Why do we eat blue cheese at Christmas?
For many of us, it just wouldn’t be Christmas without blue cheese. So it’s no surprise that during the festive season, we sell more blue cheese than any other kind. In December, it’s rare that a customer leaves our shop without a wedge – or, indeed, a whole wheel – of Stilton.
But why? Read on to learn how blue cheese came to be a Christmas tradition.
Blue cheese is big business at Christmas
If you would like to get an idea of just how seriously people take their Christmas cheese, visit one of our shops on a weekend in December. Chances are, you will see a line out the door. Most of the people who walk in the door will walk out with a piece of Stilton or another blue cheese.
A busy December day at the Covent Garden shop
We probably don’t have to tell you that this annual surge in blue cheese sales isn’t exclusive to Neal’s Yard Dairy. Every year around 25th December, Google searches for “Stilton” in the United Kingdom spike.
If Google search had existed in the late 19th century, it’s quite possible we would see a similar pattern back then. Sources stretching back well over a century reference Stilton for Christmas. In 1889, a Manchester businessman reportedly bought 300 wheels a year as Christmas gifts for clients. In 1897, writer William S. Walsh called Christmas cards “a cheap and unworthy substitute” for “the healthier benevolence” of traditional Christmas gifts, like Stilton.
Interestingly, while Stilton was certainly a popular choice for Christmas cheese, it was far from the only choice. “Christmas cheese! Christmas cheese!” an 1867 ad announced. The Christmas cheeses in question? Cheshire, Double Gloucester, and Derbyshire.
Stilton and seasonality
It’s clear that blue cheese – especially Stilton – is associated with Christmas, and has been for a long time. What is less clear is why.
One oft-offered explanation is seasonality. Today, most dairy farmers milk their cows and make their cheese all year long. In the past, cheese production would have been limited to the warmer months, when milk was plentiful. "Feed [the cows] lots during the summer with that plentiful grass growing from the ground. Then take them inside in winter and feed them much less because they're not being milked, and their metabolic needs are less," our Technical Director, Bronwen Percival, explained in an interview about seasonal cheese.
Stilton, figs, and a tipple
The story goes that Stilton made in late spring and early summer would be ripe just in time for Christmas.
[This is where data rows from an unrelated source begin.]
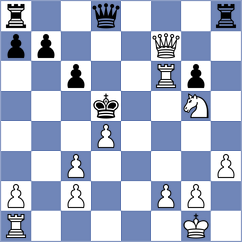 Porchel - Krajewski (Europe Echecs INT, 2020)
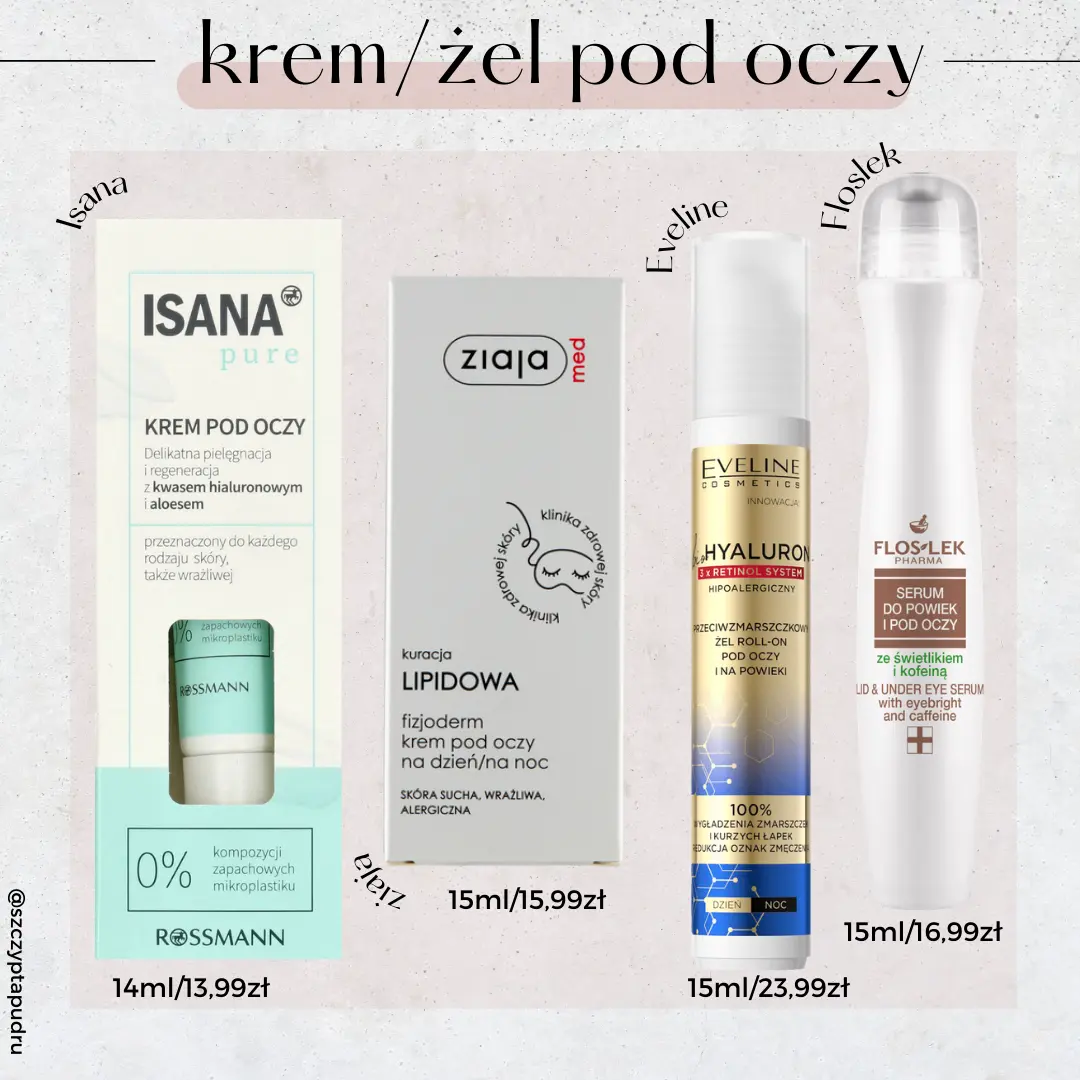 tanie i dobre kremy pod oczy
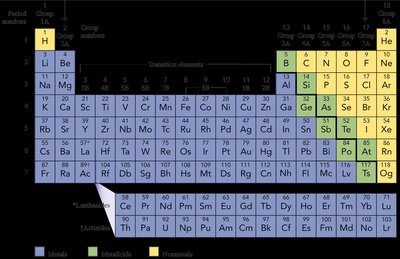 Periodic table showing common ion charges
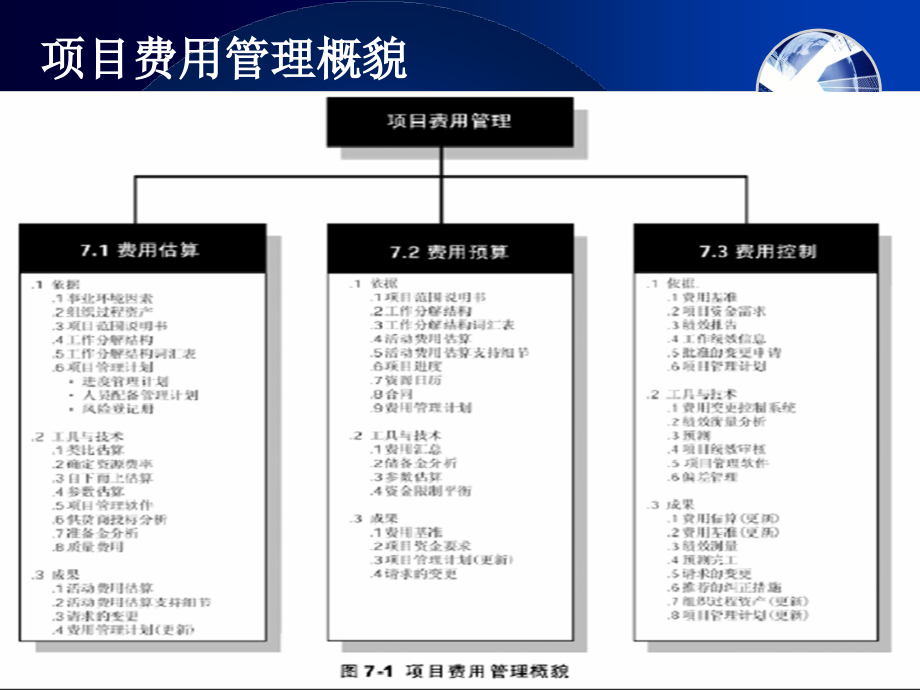 《项目费用成本》ppt课件_第2页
Other popular British territorial cheeses, like Cheshire and Lancashire, could mature for much longer, meaning they were less associated with a certain time of year. There is some historical evidence for this explanation. “Those [wheels of Stilton] made in May or June are usually served at Christmas,” Isabella Beeton wrote in The Book of Household Management in 1861.
But she continues: “to be in prime order, [wheels of Stilton] should be kept from 10 to 12 months, or even longer.” How many Victorian households were eating six-month-old Stilton at Christmas, and how many were keeping it until the next summer, or autumn? It’s hard to say. The truth is that then, as now, you could enjoy delicious Stilton year-round.
Celebrating a modern Christmas tradition
Setting aside the reasons why, blue cheese is certainly part of our Christmas tradition now. That is especially true here at Neal’s Yard Dairy. As Jenn Kast wrote in her essay about preparing blue cheese in the run-up to Christmas,
If you were to visit our maturing rooms in our Bermondsey railway arches in late October, you would likely see one of our export sales cheesemongers up a ladder in the Colston Bassett area, selecting the perfect cheeses for American customers. In late November, cheeses are being selected and sorted for our many European customers, and by early December the Domestic Wholesale team is evaluating Blues for our UK trade customers.
That’s all before mid-December, when retail cheesemongers start grading, selling, and wrapping blue cheese for customers in earnest.
The aim of all this effort is to bring you the best possible cheese for your Christmas table. Maybe that will be a wheel of Colston Bassett Stilton with a bottle of port. It could be Pevensey Blue and figs. Perhaps you love blue cheese so much that you’d like a bountiful selection: Beenleigh Blue, Shropshire Blue, and Stichelton. Or maybe, despite your best efforts, you just don’t like blue cheese at all. In that case, pick up some Kirkham’s Lancashire with fruit cake and enjoy it. That, too, is a fine Christmas tradition.